Poppy-cock, Professor. New knowledge doesn’t deprive Maori of any land rights at all; feudal, tribal societies lived by the laws of ‘might is right’, ‘to the victor the spoils’, and ‘if you cannot defend it, you don’t own it’, thus were their boundaries enforced, or destroyed, over time. When property rights manifested under laws the land titles generally acquiesced to the current tenant, a situation sometimes reluctantly acceded to in the Waitangi tribunal where in Wellington’s case the very late-arriving marauders of Ngati Toa won title to much territory under the concept of ‘conquest’. It may be tough, but that’s the way it is. Maori land rights will never, and should never, ever be extinguished by new knowledge of past inhabitants.
Should the Picts, of whom we have certain knowledge, rise up again and demand the North Eastern part of the British Isles be handed back, those lands taken from them by the raiding, murdering, sheep-stealing Scots, I doubt their claim would get very far in any international court of law. At all.
Claiming a knowledge monopoly on this beautiful group of islands’ past inhabitants, our academic snoot from Otago laughably states:
“”The evidence for pre-Maori inhabitants, of any origin, simply isn’t there. If it was, the professional community would have identified it”
Oh, my Giddy Aunt; the height, the peak, the nadir of academic arrogance, so typical of Otago. Thank the Lord Dr Halcrow wasn’t around in the 1970’s when ‘untrained’, ‘uneducated’, ‘mere housewife’ Joan Wiffen was whittling away in the gullies and escarpments of Hawkes Bay, the stupid, crazy, woman convinced there might be dinosaur fossils found there. How the clever Dr Halcrow’s of the 21st century might have derided her, too, writing her off, and in the process denied this country a piece of ground-breaking international geological history.
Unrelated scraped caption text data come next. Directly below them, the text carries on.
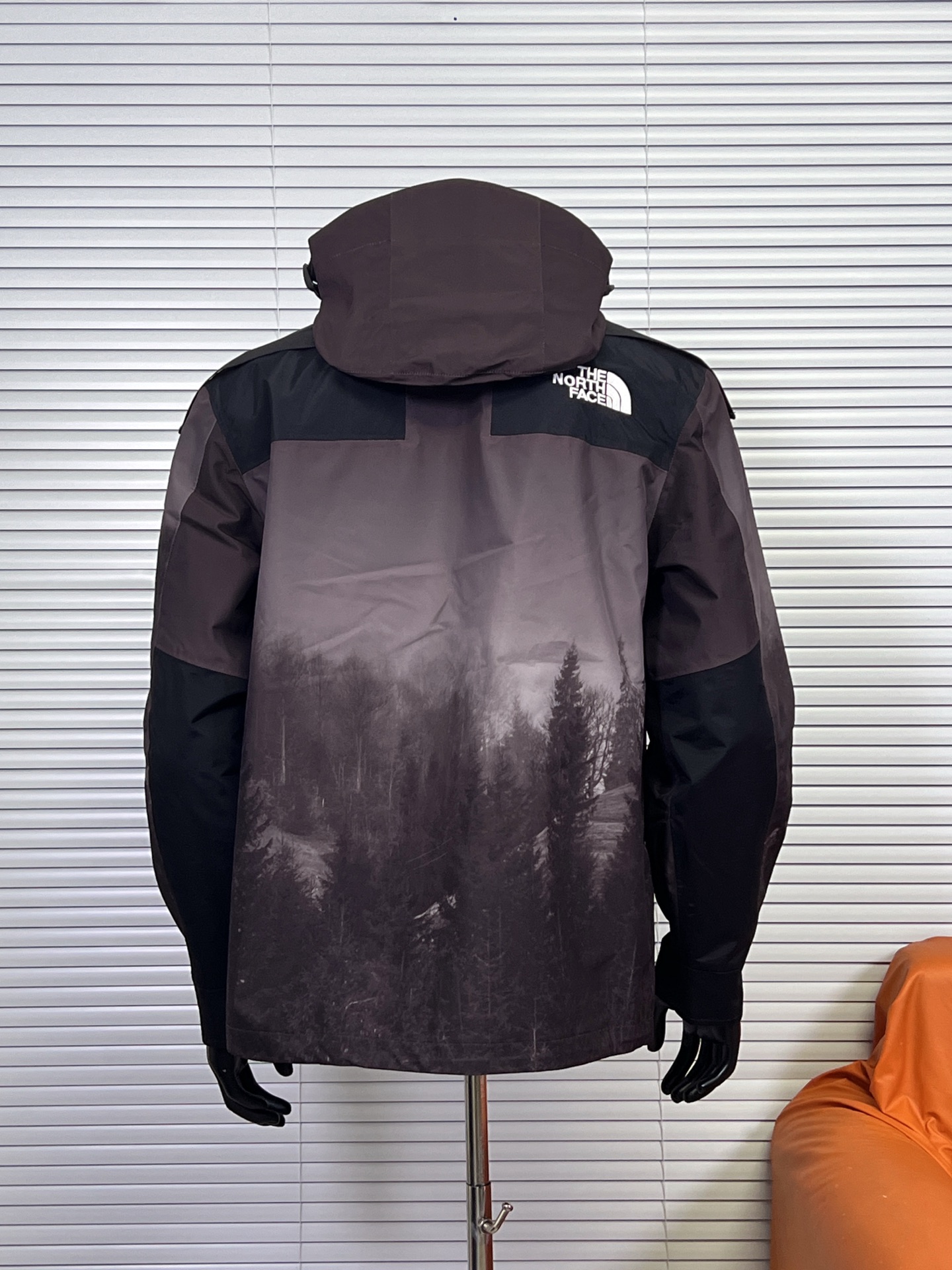 工厂放货💰300
THE NORTH FACE /北面 FW23 日照金山/迷雾森林冲锋衣 90系列 Gore-tex GTX Mountain Vista Jacket 防风防水连帽夹克冲锋衣 男女同款

北面限定款韩版冲锋衣！日照金山的结构美感和配色真的不要太美，寓意也很好，另一个迷雾森林限定色一抑一扬，覆盖了所有喜欢户外风格的消费者，此款冲锋衣是超级难买的，简直火的不得了，单款冲锋衣，一年四季可穿！
男女同款，可配情侣款，北面冲锋衣越来越you 秀，功能性超强，并且能巧妙得融入日常生活中！户外，休闲都可以！
连帽的设计，青春洋溢，内里有里衬，亲肤舒适，帽子卡扣可以调节松紧，弹力抽绳可以调节防风保暖！
两个颜色日照金山，迷雾森林，设计师也是很强的，款款都是经典，款式大众时尚，不挑人，上身真的是太酷了！胸前与后背logo刺绣，是进口田岛刺绣机，田岛刺绣工整立体，很是精致，细节做工精细到无懈可击，perfect！必须吹爆它！
参衣身多处拼接，拼接处采用户外压胶工艺，更具有户外型，防水性，很有层次感，不单调更是时髦，单排按扣＋拉链开衫设计，更实穿方便，全衣YKK拉链，可承受10万次拉力磨损，按扣五金，带有品牌logo钢印，字体清晰立体，非常耐用！
下摆有抽绳，加倍防风保暖！袖口魔术贴设计，可调节松紧防止冷风进入，两侧拉链口袋，储物很是安全，内里还有拉链口袋，装点贵重物品非常实用，印花和面料融为一体，很轻薄的，环保染色，无异味，不开裂！轻薄透气！颜色持久细腻！
原版一比一定制，面料采用的是goretex科技面料，比较挺括有型防水防风，防脏，非常好打理，区别于传统的冲锋衣，这款面料又升了一级，上身透气性更好！内里丝滑内衬，提高整体贴合！

颜色:日照金山、迷雾森林
尺码:XS-XXL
Pre-Maori Polynesian settlement of New Zealand should not be controversial, nor in serious dispute. Eminent ethnologist Elsdon Best, no slouch, and certainly no enemy of the good people of Maoridom, was completely convinced, with very sound reasoning, of the same, and though his thinking has been abandoned by latter-day revisionists they simply cannot expunge “Te Heke o Maruiwi’(The End of the Maruiwi [people]) from Maori lore and tribal histories where the circumstances, the sites, the pa’s, the battles, the names of the combatants, live on, sheltered from smarty-pants academics who would prefer to pretend they never existed.
If the group so abhorrent to RNZ and our fearless academics are guilty of anything; then so are their detractors guilty of the same: stoically convinced of pre-conceived outcomes.
All could do well to take a leaf, or hundreds (he wrote a helluva lot), from Elsdon Best, a man who believed that in following truths a narrative could be assembled, whereas in the 21st century we seem to assemble first a narrative, then pursue such ‘truth’ as to support it.